Этому вечно подкапывающемуся, ненасытному, неприятному клану одиноко и довольно беспомощно противостоит Жозефина, супруга консула. Она знает, что каждый шаг к величию, к самодержавию удаляет ее от Бонапарта, ибо она не может дать королю или императору то, что совершенно необходимо для поддержания династической идеи: наследника, а с ним и прочную власть. Только немногие из советников Бонапарта стоят на ее стороне (денег для раздачи у нее нет, она кругом в долгах), и тут-то самым верным ее другом оказывается Фуше. Уже давно он с недоверием наблюдает, до каких неожиданных размеров, благодаря неожиданным успехам, вырастает честолюбие Бонапарта, с каким упорством он освобождается от каждого искреннего республиканца и заставляет его преследовать, как анархиста и террориста. Своим острым, недоверчивым взором он видит, что, говоря словами Виктора Гюго: «Déjà Napoleon perçait sous Bonaparte» [149], что из-за облика генерала зловеще выглядывает император, за гражданином стоит самодержавный властелин. Для него, навсегда связанного с республикой голосованием против короля, сохранение республики, республиканской формы правления — вопрос жизни и смерти. Поэтому он боится монархии, поэтому борется тайно и явно бок о бок с Жозефиной.
Этого клан не может ему простить. И с корсиканской ненавистью они следят за каждым его шагом, чтобы, едва он споткнется, толкнуть в пропасть неудобного человека, мешающего процветанию их дел.
Они ждут долго и нетерпеливо.
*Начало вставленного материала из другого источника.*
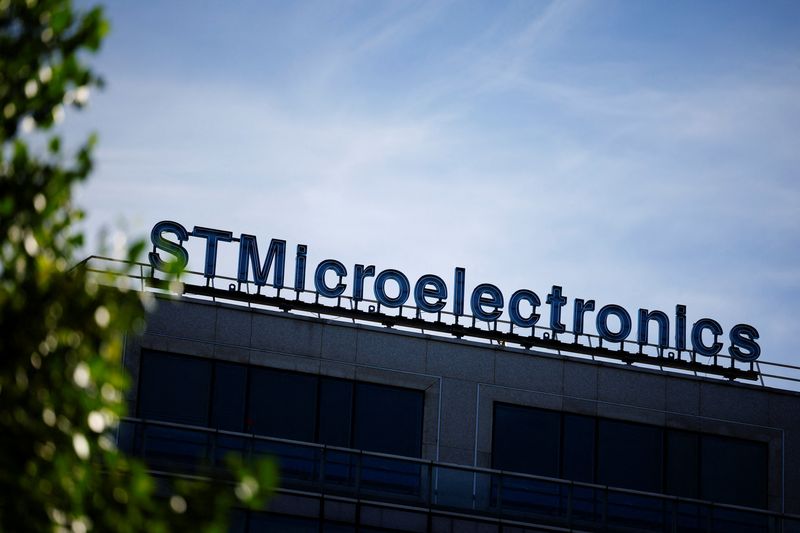 STMicro launches 'edge' AI microcontroller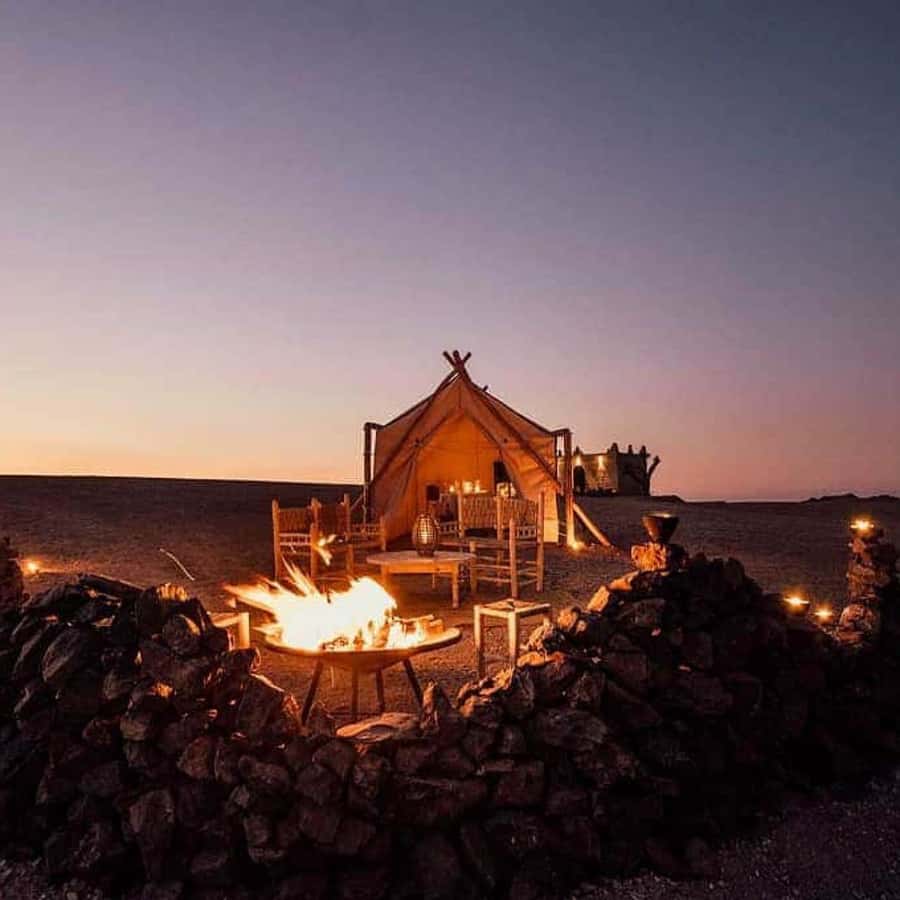 Marrakech: Agafay Desert Dinner with Music and Fire Show - Who should book this Agafay evening?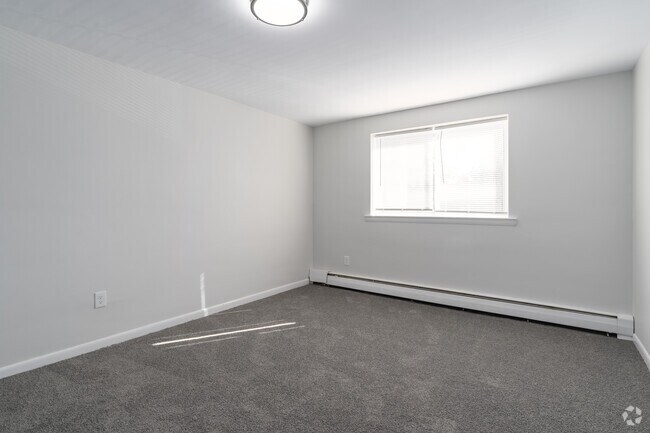 1BR, 1BA - 745SF Bedroom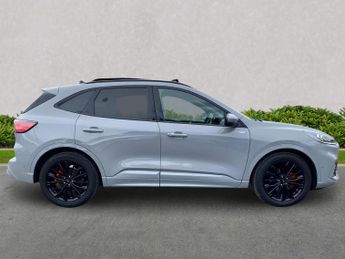 FORD KUGA 2.5 Fhev Graphite Tech Edition 5Dr Cvt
Внезапно является возможность подставить ножку Фуше. 24 декабря 1800 года Бонапарт отправляется в оперу, чтобы присутствовать на премьере оратории Гайдна «Сотворение мира»; вдруг, на узкой улице Никез, за его каретой взлетает огромный фонтан осколков, пороха и мелких пуль, покушение, знаменитая адская машина. Только бешеная быстрота его, как говорят, пьяного кучера спасла первого консула, но сорок человек лежат окровавленные на улице, а карета, как раненый зверь, вздымается на дыбы и подбрасывается вверх напором воздуха. Бледный, с окаменевшим лицом, продолжает Бонапарт свой путь в оперу, чтобы продемонстрировать восторженной публике свое хладнокровие. С равнодушным, непроницаемым видом внемлет он нежным мелодиям старика Гайдна и с притворным спокойствием благодарит за шумные приветствия, в то время как сидящая рядом с ним Жозефина дрожит от нервного потрясения и еле сдерживает слезы.
Но что это хладнокровие было лишь искусно разыгранной комедией, почувствовали все министры и государственные советники, как только он вернулся из оперы в Тюильри. Его гнев обрушивается главным образом на Фуше; Наполеон неистово набрасывается на бледного, онемевшего министра: он, как министр полиции, давно должен был проследить такой заговор, а он с преступной снисходительностью щадит своих друзей, своих бывших товарищей по якобинским преступлениям. Фуше спокойно возражает, указывая, что не выяснено, подготовлено ли это покушение якобинцами; по его личному убеждению, в этом деле играют главную роль роялистские заговорщики и английские деньги. Но спокойный тон его возражений еще сильнее озлобляет первого консула: «Это якобинцы, террористы, мятежные негодяи, сплоченной массой действующие против всех правительств. Они — эти злодеи — готовы принести в жертву тысячи жизней, чтобы убить меня. Но я расправлюсь с ними так, что это послужит уроком для всех им подобных». Фуше осмеливается еще раз высказать свои сомнения. Тут вспыльчивый корсиканец готов уже прямо наброситься на министра, так что Жозефине приходится вмешаться и схватить его за руку. Но Бонапарт вырывает руку и в быстром потоке слов высчитывает Фуше все убийства и преступления якобинцев, — декабрьские дни в Париже, республиканские кровавые ночи в Нанте, резню заключенных в Версале, — явный намек на лионского «Mitrailleur’a», на его собственное прошлое.
Но чем больше повышает голос Бонапарт, тем упорнее молчит Фуше. Ни один мускул не дрожит на его непроницаемом лице, пока сыплются обвинения, пока братья Наполеона и придворные насмешливо перемигиваются, глядя на министра полиции, который наконец попался. С ледяным спокойствием отвергает он все подозрения, с ледяным спокойствием покидает он Тюильри. Его падение кажется неизбежным. Наполеон остается глухим к просьбе Жозефины, защищающей Фуше. «Разве он сам не был одним из их вождей? Разве мне не известны его проделки в Лионе и на Луаре? После Лиона и Луары меня не удивляет поведение Фуше», — гневно восклицает он. Уже стараются угадать имя нового министра полиции, уже придворные третируют Фуше, уже кажется (как часто бывало), что он окончательно устранен.